Retirement is a dreaded word for a majority of professionals. It is more so now than ever before. While the global financial scene appears like a quagmire in which funds are rapidly sinking, people who come out of their jobs do not know from where the revenue will come post retirement. To make matters worse, there are a lot many people losing jobs as companies too are feeling the heat of the financial crisis. In this scenario, if you are fortunate to have your job, thank god, and think about the day when you will also have to retire.

How To Retire Happily

It is often said that death and tax are the two certainties in life. For professionals you can add retirement to the list. You will have to retire one day. That is a fact of life. In a way, retirement is like the death of professional life. But the difference is that there is life after this. So it is also like a rebirth of sorts. Post retirement, you will find yourself in a strange world where you have a lot of time to spare and, if you have not planned your finances well, you will have a significantly less amount of money at your disposal. You will have to think about some ways to utilize the time then. What you can do now is, think about this financial issue, while you work actively.

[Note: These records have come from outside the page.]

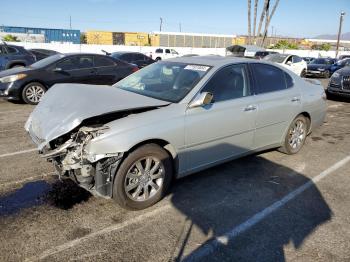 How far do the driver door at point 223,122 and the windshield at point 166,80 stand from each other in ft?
0.76

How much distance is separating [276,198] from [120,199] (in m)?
1.92

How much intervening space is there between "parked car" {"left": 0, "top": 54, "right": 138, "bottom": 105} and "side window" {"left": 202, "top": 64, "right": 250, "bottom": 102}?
6.12 meters

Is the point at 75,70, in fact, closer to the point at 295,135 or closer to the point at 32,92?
Result: the point at 32,92

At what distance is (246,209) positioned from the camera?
3.78 m

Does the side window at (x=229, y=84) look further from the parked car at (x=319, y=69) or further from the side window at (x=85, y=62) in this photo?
the parked car at (x=319, y=69)

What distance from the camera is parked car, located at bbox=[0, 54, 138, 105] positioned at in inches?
349

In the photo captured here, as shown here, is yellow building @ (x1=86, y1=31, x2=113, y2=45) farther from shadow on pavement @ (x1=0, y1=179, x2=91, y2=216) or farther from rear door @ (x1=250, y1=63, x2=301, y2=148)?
shadow on pavement @ (x1=0, y1=179, x2=91, y2=216)

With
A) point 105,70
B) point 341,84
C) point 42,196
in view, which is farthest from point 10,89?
point 341,84

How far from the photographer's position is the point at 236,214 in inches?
144

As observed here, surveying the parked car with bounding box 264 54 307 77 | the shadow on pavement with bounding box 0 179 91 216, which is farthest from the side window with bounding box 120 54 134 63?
the shadow on pavement with bounding box 0 179 91 216

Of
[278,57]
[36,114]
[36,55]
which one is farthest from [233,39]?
[36,114]

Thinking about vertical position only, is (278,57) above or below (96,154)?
above

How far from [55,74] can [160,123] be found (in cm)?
665

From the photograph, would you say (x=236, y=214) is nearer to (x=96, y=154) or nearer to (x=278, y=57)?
A: (x=96, y=154) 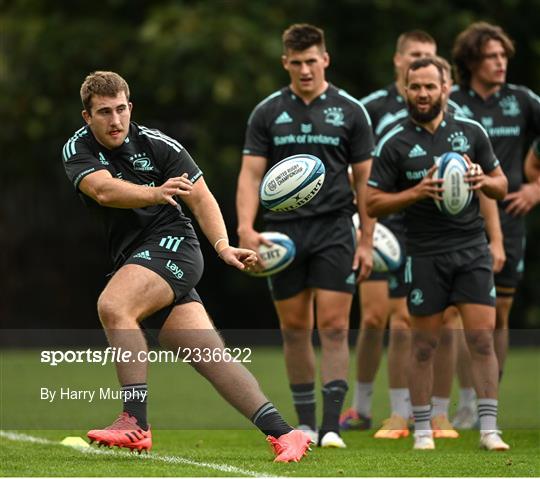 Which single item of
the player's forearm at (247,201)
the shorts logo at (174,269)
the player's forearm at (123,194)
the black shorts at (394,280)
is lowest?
the black shorts at (394,280)

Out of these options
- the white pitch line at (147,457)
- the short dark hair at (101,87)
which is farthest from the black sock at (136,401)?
the short dark hair at (101,87)

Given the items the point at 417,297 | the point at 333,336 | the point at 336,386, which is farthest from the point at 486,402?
the point at 333,336

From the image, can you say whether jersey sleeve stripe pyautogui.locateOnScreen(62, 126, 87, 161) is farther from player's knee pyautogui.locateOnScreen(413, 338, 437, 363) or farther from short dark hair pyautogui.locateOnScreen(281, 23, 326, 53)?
player's knee pyautogui.locateOnScreen(413, 338, 437, 363)

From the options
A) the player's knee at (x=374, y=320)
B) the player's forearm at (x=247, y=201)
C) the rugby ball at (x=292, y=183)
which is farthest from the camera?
the player's knee at (x=374, y=320)

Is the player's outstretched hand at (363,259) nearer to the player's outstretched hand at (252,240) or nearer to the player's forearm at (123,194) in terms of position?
the player's outstretched hand at (252,240)

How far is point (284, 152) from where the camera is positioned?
8.02m

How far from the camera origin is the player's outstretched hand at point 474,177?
7.22 meters

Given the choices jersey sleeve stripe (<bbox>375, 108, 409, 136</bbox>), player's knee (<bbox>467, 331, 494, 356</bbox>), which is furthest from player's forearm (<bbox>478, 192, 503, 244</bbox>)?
jersey sleeve stripe (<bbox>375, 108, 409, 136</bbox>)

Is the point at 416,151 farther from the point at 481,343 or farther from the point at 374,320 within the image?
the point at 374,320

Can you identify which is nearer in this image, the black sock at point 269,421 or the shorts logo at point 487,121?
the black sock at point 269,421

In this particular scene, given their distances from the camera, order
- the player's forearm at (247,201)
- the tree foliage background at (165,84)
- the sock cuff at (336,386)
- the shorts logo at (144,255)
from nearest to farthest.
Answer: the shorts logo at (144,255)
the sock cuff at (336,386)
the player's forearm at (247,201)
the tree foliage background at (165,84)

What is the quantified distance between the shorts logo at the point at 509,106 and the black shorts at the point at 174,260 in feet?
10.3

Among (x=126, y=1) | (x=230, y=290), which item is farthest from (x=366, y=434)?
(x=126, y=1)

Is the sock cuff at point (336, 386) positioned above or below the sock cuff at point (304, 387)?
above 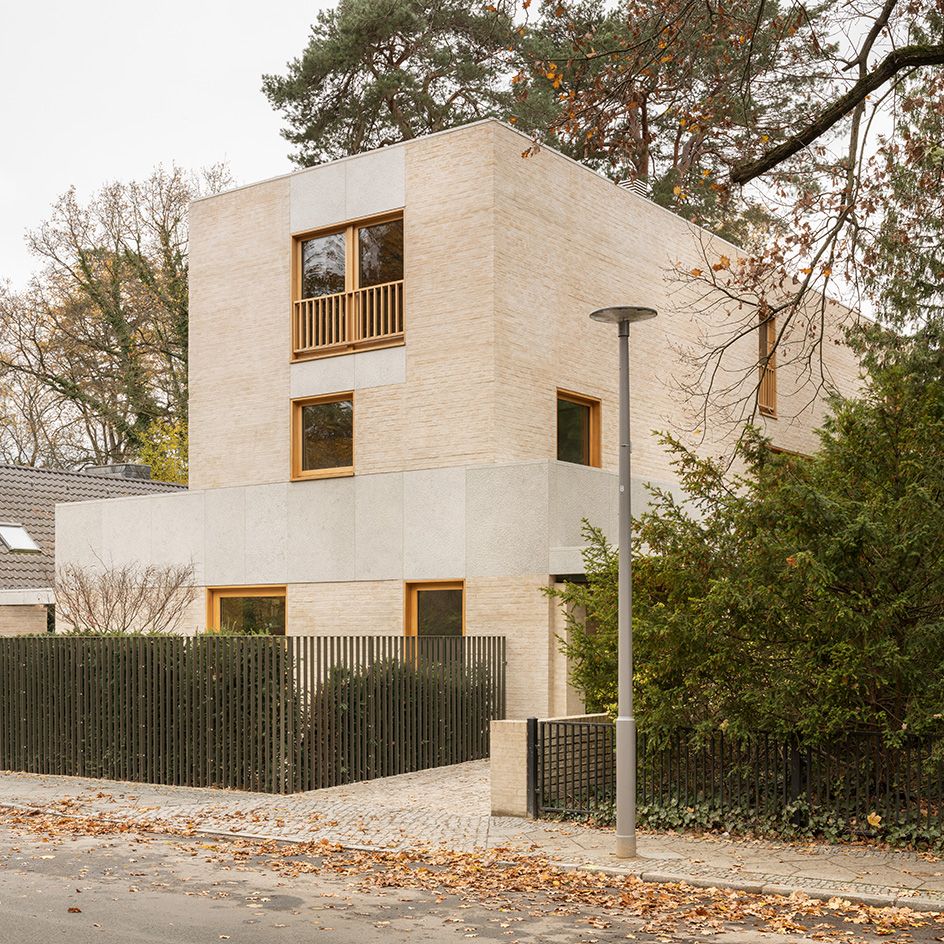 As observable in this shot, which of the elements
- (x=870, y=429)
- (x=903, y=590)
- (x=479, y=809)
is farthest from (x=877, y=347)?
(x=479, y=809)

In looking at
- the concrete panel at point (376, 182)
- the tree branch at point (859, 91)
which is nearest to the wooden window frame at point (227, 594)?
the concrete panel at point (376, 182)

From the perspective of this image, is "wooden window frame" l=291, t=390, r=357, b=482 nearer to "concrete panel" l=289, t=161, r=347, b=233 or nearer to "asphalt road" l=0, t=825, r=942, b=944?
"concrete panel" l=289, t=161, r=347, b=233

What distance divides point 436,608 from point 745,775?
8.77 metres

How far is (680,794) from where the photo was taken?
42.6 ft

For most people, retirement planning does not come as easily as, for example, selecting an NBA team for supporting. It requires good number-crunching capabilities, awareness of the existing retirement schemes, tax benefit options, and that uncommon quality called commonsense. Stripped to its mathematical essentials, planning for life after retirement means figuring out how much money a person will need to live the life in “almost” the same way as that at present. There are several factors that influence the algebra here, such as inflation, cost of living, what kind of life a person expects, and so on. No wonder, picking a basketball team is far easier.

However, you do not have to start taking economics lessons for planning your retirement. There are several software applications available on the internet that can help you calculate the most probable rate of inflation and cost of living. One can get a fairly decent idea about how much money one needs to live the life in the same way after retirement. So, the next question, for which sadly there are no software packages available, is how to save enough money to attain that magic figure.

Basically there are two ways. A majority of companies will have several retirement options for their employees. If you are working in a company, you should first enquire about such plans provided by your organization. If your company does not provide any such options, you can do two things: 1. You can try to find a job in a firm that provides these options 2. Or if option 1 appears suicidal in these troubled times; you can find a financial service company that offers the so-called retirement solutions.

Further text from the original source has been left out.